▶ **Data under study**

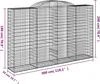 Gabionen mit Hochbogen 9 Stk. 300x50x180/200cm Verzinktes Produktbild-Vorschau 6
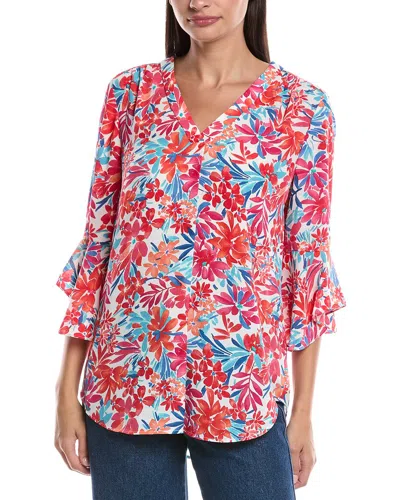 Jones New York Y-neck Blouse In Orange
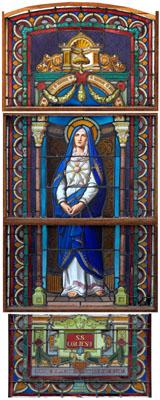 Appraisal: French stained glass window figure of Mary or St Catherine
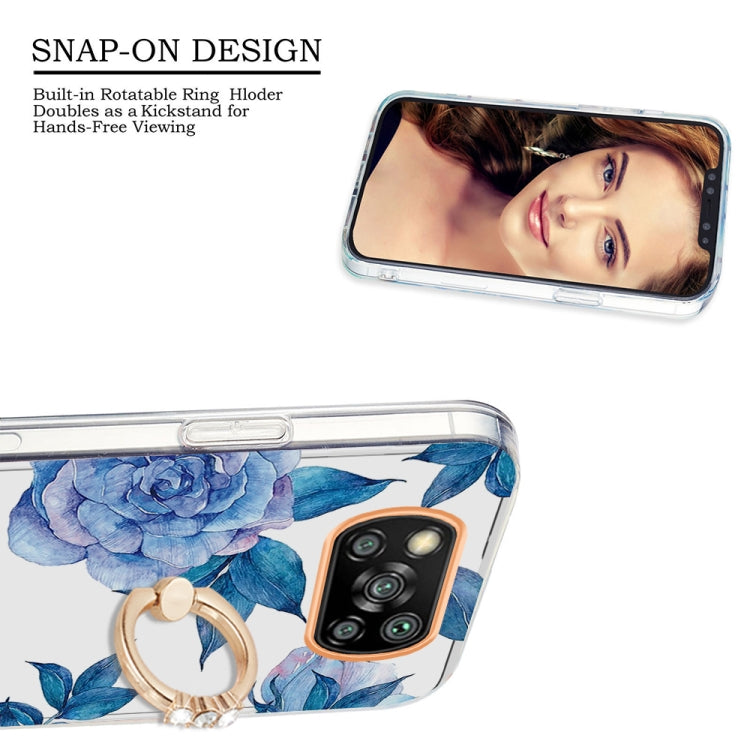 For Xiaomi Poco X3 NFC Ring IMD Flowers TPU Phone Case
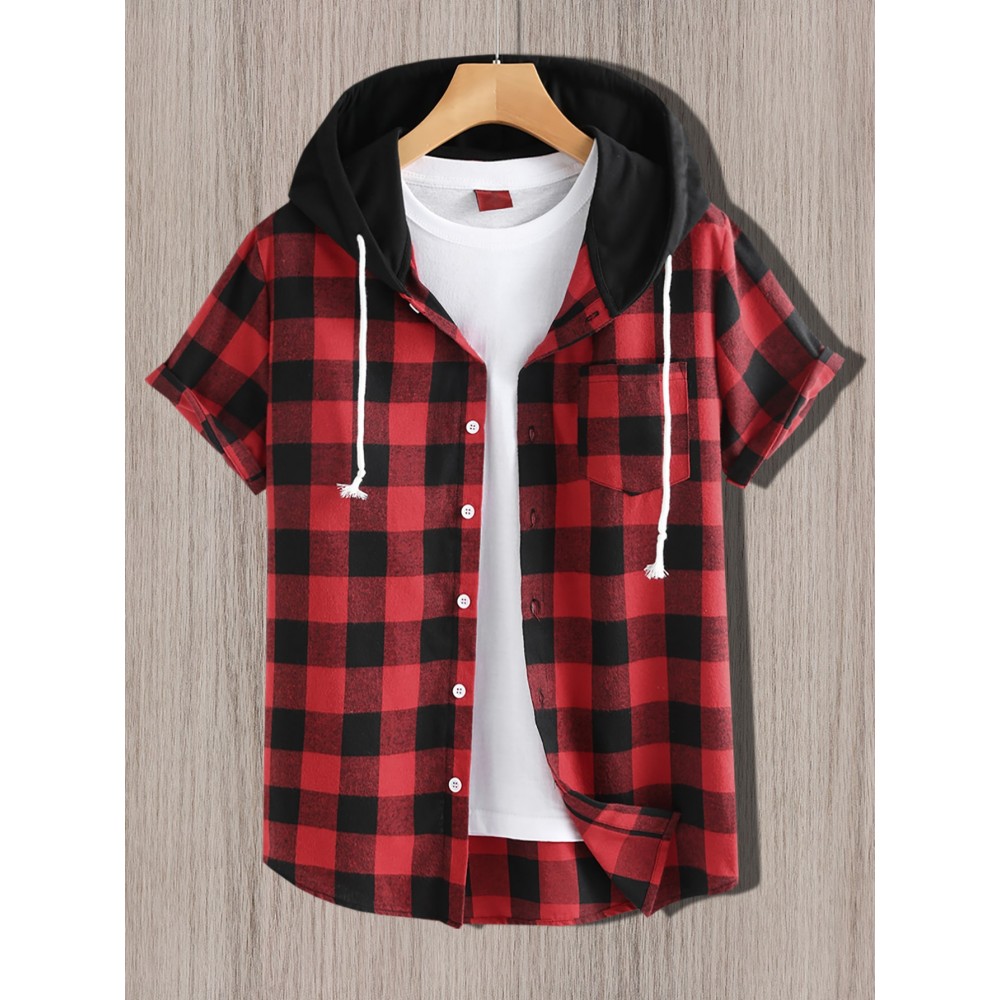 Men Buffalo Plaid Drawstring Hooded Shirt Without Tee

▶ **Task details**
Extract only the lines from the one that contains "For Xiaomi Poco" through the end of the records, inclusive, and omit every picture.

▶ **Task answer**
 For Xiaomi Poco X3 NFC Ring IMD Flowers TPU Phone Case
 Men Buffalo Plaid Drawstring Hooded Shirt Without Tee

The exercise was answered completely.